Employers use many styles of questions when interviewing candidates. One of the most common is the behavioural question.
What are behavioural questions? Why are they important? How do you prepare for them?
This expert article tackles these and other topics, to help you be super ready when you walk in the door for that all-important interview.
What are behavioural questions?
As the name suggests, these questions are designed to assess your behaviours, more than your education or hard skills. They help employers paint a full picture of who you are.
Why are they important?
Employers use behavioural questions to test how you’ve performed in the past, which is often an indicator of how you’ll perform in future. They use them to form a view of your level of competency and how you work through problems and/or challenging situations. Employers also rely on behavioural questions to assess if you’re a great fit for the job, team and company culture.

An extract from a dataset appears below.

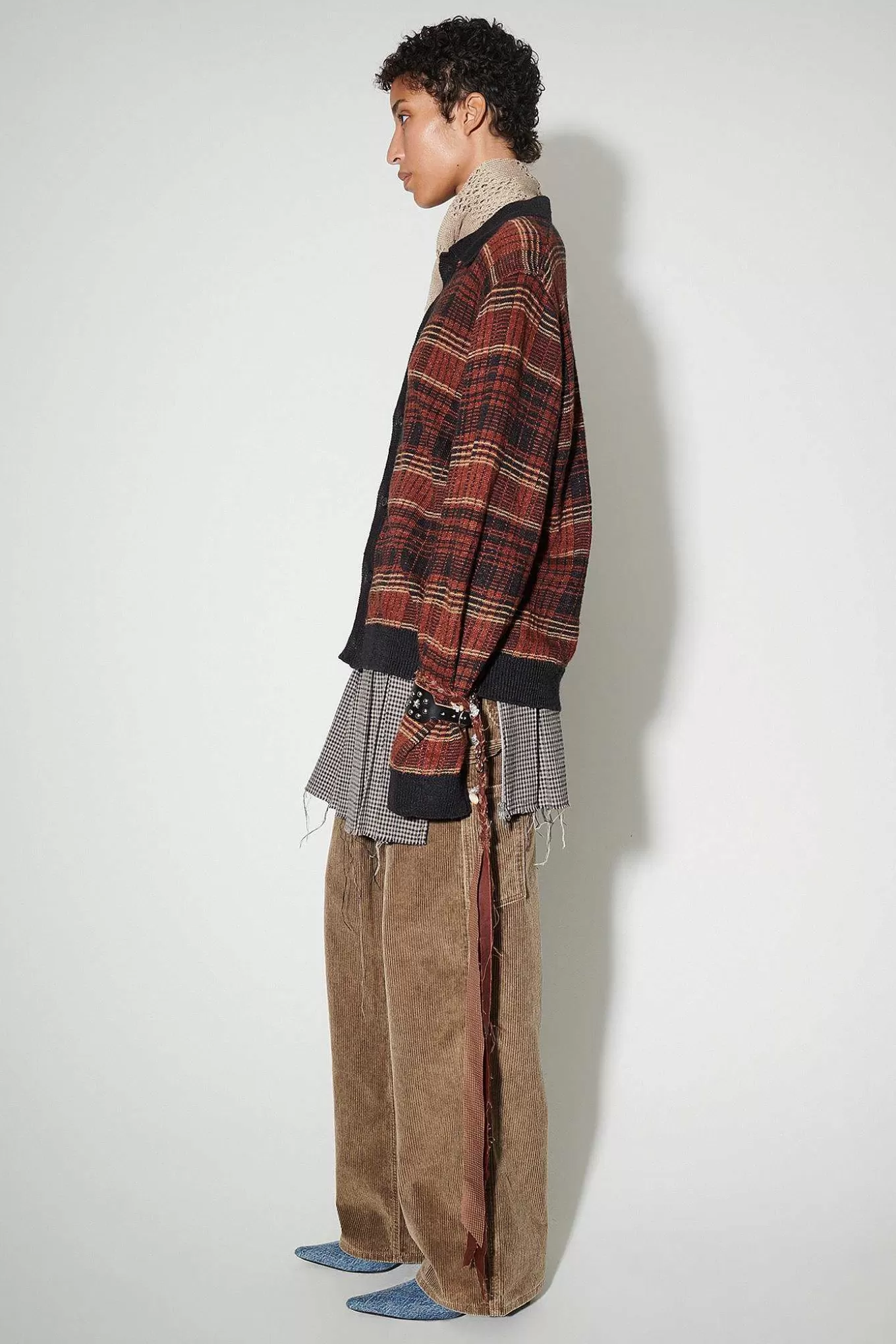 Our Legacy Stickat | Evening Polo Rust Geezer Check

What are examples of behavioural topics?
- Describe a time you faced a stressful situation and how you overcame it.
- Describe a situation when you had to think on your feet to make an important decision.

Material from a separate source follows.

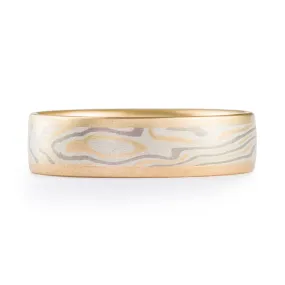 Gold Edged Twist Pattern Ring in Flare Palette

- Provide an example of when you motivated others and how this led to a positive outcome.
- Provide an example of a goal you set and how you reached it.
- Describe a situation where you knew your boss was wrong and how you handled it.
- Provide an example of when you had to go above normal duties to get a job done.
- Provide an example of a problem or conflict you had with a colleague and how you resolved it.?
- Describe a time when you weren’t performing at work and what you did about it.
- Detail a time when you didn’t meet a deadline and what you did about it.
- Discuss a setback you’ve faced in the last 12 months and how you overcame it.
How do I prepare to answer behavioural questions?
If you want to be a STAR at interview, you need to learn the ‘STAR interview method’.
STAR stands for:
- Situation—the challenge and the situation you found yourself in.
- Task—what you had to achieve.
- Action—the alternatives you considered and what you did.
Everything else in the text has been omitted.